Note that it's not slime that hangs, but ccl. When this bug occurs, I can't type on the repl in the "terminal" anymore. I have to close the terminal or hit Ctrl+Break loads of times to kill it.

For what is worth, my slime setup follows:

;;;;;;;;;;;;;;;;;;;
;;; Slime stuff ;;;
;;;;;;;;;;;;;;;;;;;


(add-to-list 'load-path (concat *my-site-lisp-directory* "slime/"))  ;;    load-path for slime
(add-to-list 'load-path (concat *my-site-lisp-directory* "slime/contrib/"))
(require 'slime)                                              ;;    
(setq slime-multiprocessing t)

(setq slime-autodoc-use-multiline-p t)
(setq slime-truncate-lines nil)
(set-language-environment "UTF-8")
(setq slime-net-coding-system 'utf-8-unix)  
(slime-setup '(slime-fancy slime-asdf))  

(setq slime-lisp-implementations
      '((clisp ("c:/Program Files (x86)/clisp-2.48/clisp.exe" "-K" "full"))
	(ccl64 ("C:/Users/ale/MySw/ccl/wx86cl64.exe" "-K" "utf-8"))
	(ccl ("C:/Users/ale/MySw/ccl/wx86cl.exe" "-K" "utf-8"))
	(sbcl ("sbcl"))))

Change History (5)

comment:1 Changed 9 years ago by gb

  • Component changed from Slime to Runtime (threads, GC)
  • Owner set to gb
  • Status changed from new to assigned

This almost certainly has nothing to do with SLIME per se; it's much more likely that it's another manifestation of whatever causes the deadlock described in ticket:677. When the GC is entered on some thread, it needs to suspend the execution of all other lisp threads and determine whether each suspended thread was executing lisp code (in which case the thread's stack and registers reference lisp objects that the GC must traverse) or foreign code (in which case the thread's stack and registers can't reference GCable lisp objects.) On Windows, a thread can be suspended while transitioning between these states (when entering or exiting from an exception handler); if the suspending thread detects that the suspended thread is in the process of entering an exception handler, it sets a bit in the target thread's private data, resumes the suspended thread, and waits on a semaphore; when the target thread enters the exception handler, it checks the bit, raises the semaphore, and waits to be told to resume.

For reasons unknown, it seems that it's possible for a thread to appear to be suspended while about to enter an exception handler but to actually be in some other (unknown) state.
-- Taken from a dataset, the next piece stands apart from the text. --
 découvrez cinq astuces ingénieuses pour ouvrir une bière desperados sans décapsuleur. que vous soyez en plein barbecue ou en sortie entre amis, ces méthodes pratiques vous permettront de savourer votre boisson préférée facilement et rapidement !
The suspending (GC) sets the bit and waits for the semaphore to be raised, but that never happens and everything deadlocks.

Using TAB completion SLIME could well be a good way to trigger this: that code conses substantially (causing the GC to be be invoked frequently) and SLIME/SWANK use a few long-lived (and occasional short-lived) threads as part of its implementation, and that combination of factors increases the likelyhood that a thread will be suspended while in this unknown state and that that'll result in deadlock.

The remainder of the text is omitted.